* **Required action**:
Give back every record below word for word, with the pictures omitted.

[Captioned web images]
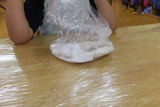 DSCF9822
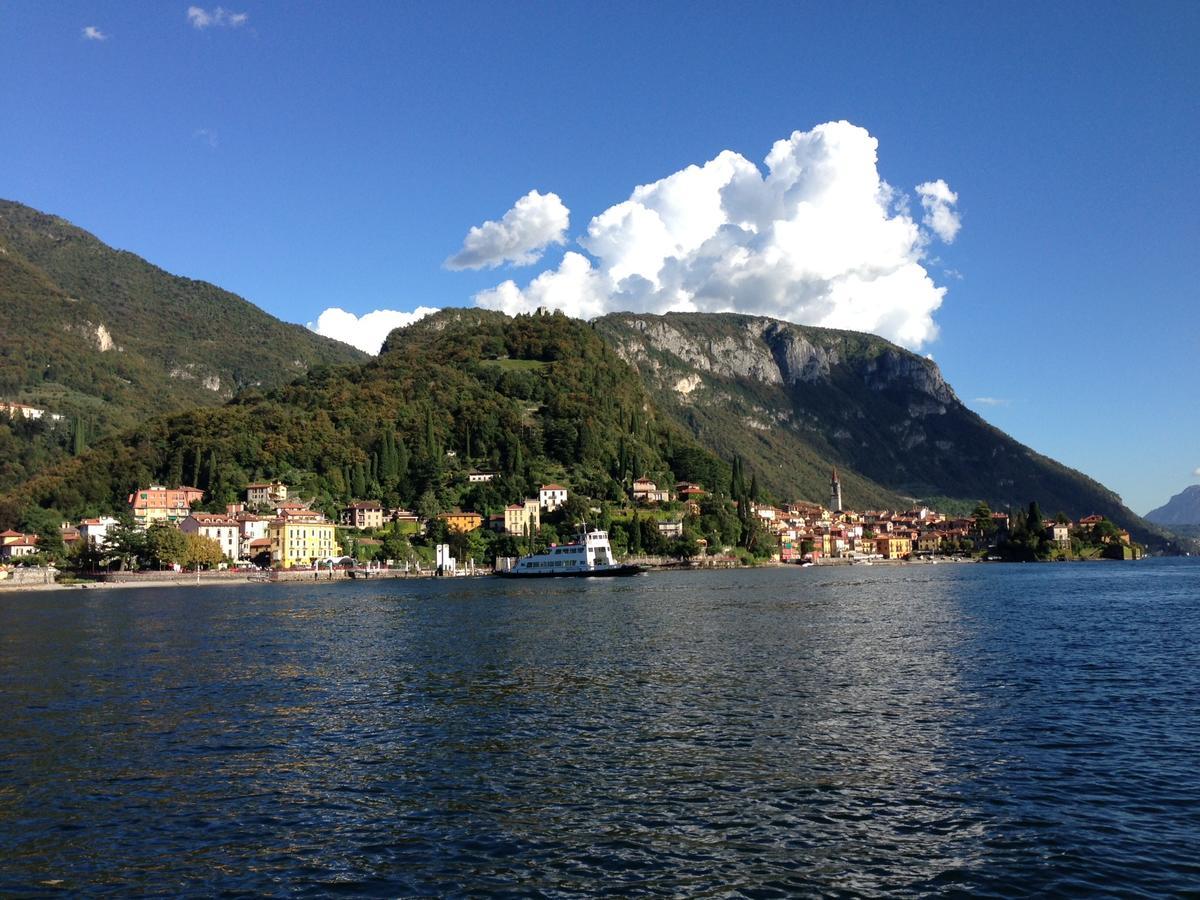 I Love Varenna 1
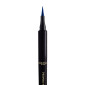 Immagine 3 - L'Oréal Paris Perfect Slim Superliner Eyeliner in Penna Tratto Preciso e Sottile Waterproof Colore 04 Navy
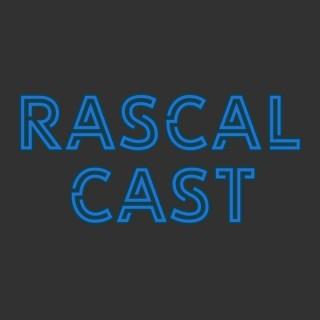 RascalCast
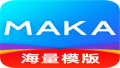 MAKA设计 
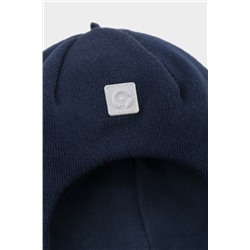 CROCKID Шапка КВ 20359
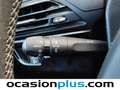 Citroen C4 Picasso 1.2 PureTech S&S Feel 130 Gris - thumbnail 25
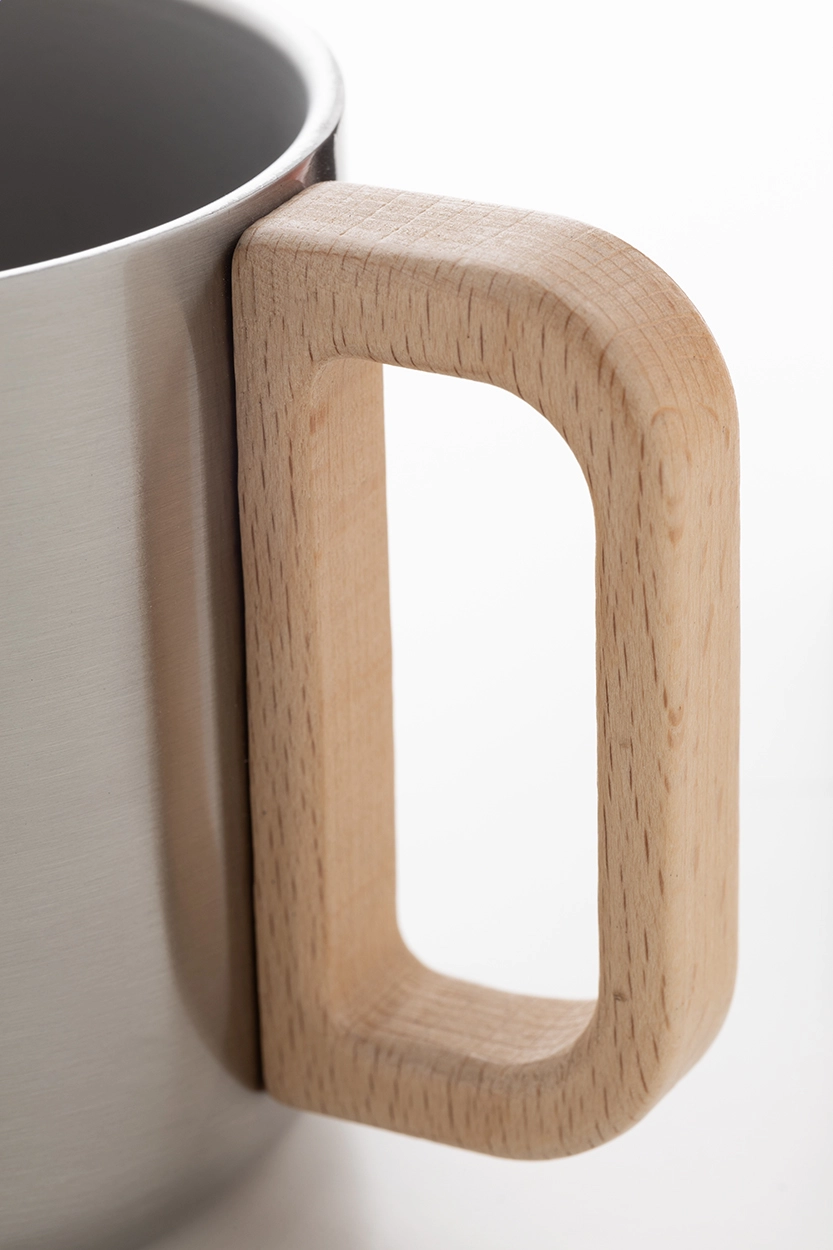 Immagine Rewoo Tazza mug termica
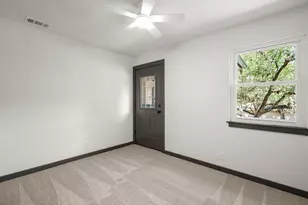 215 Dewberry Cove, Buda, TX 78610 - Photo 21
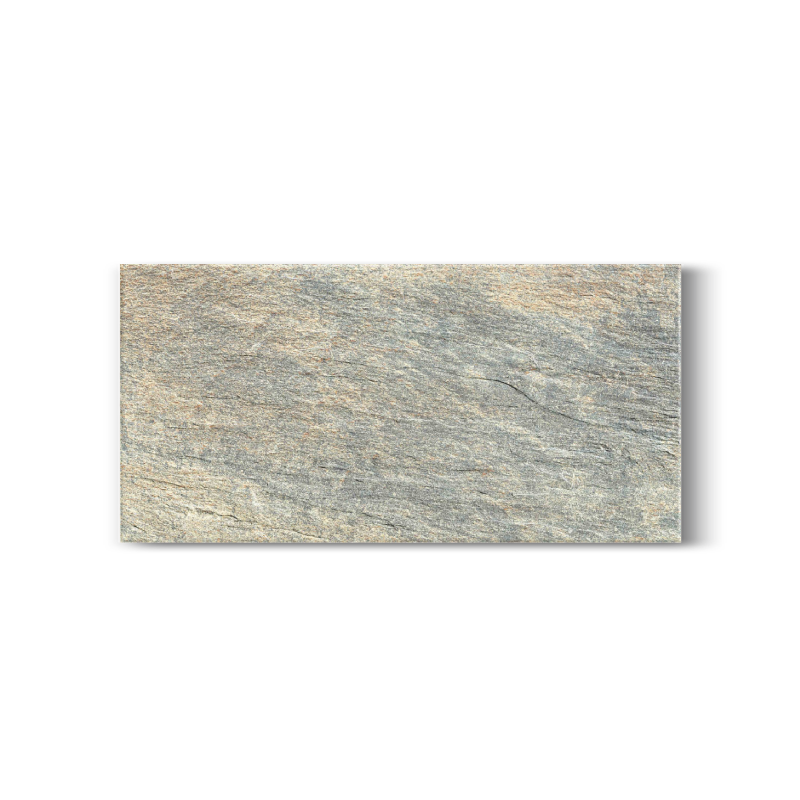 Πλακάκι Nusa Dua Verde 30x60 Antislip - Image 4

* **Written answer**:
 DSCF9822
 I Love Varenna 1
 Immagine 3 - L'Oréal Paris Perfect Slim Superliner Eyeliner in Penna Tratto Preciso e Sottile Waterproof Colore 04 Navy
 RascalCast
 MAKA设计 
 CROCKID Шапка КВ 20359
 Citroen C4 Picasso 1.2 PureTech S&S Feel 130 Gris - thumbnail 25
 Immagine Rewoo Tazza mug termica
 215 Dewberry Cove, Buda, TX 78610 - Photo 21
 Πλακάκι Nusa Dua Verde 30x60 Antislip - Image 4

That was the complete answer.